• WHAT TO PRODUCE: Copy, exactly and without additions, every line in the records below from the one holding "Dukes of Hazzard" through the one holding "Dell OP 3080", both ends included.

• SUPPLIED MATERIAL:

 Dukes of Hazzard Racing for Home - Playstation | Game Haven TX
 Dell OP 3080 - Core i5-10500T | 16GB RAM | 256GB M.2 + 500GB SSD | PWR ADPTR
==
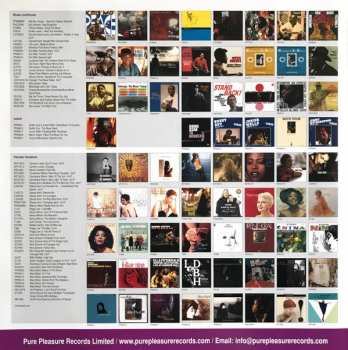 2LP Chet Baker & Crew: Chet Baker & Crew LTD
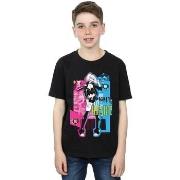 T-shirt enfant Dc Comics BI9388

• EXERCISE OUTPUT:
 Dukes of Hazzard Racing for Home - Playstation | Game Haven TX
 Dell OP 3080 - Core i5-10500T | 16GB RAM | 256GB M.2 + 500GB SSD | PWR ADPTR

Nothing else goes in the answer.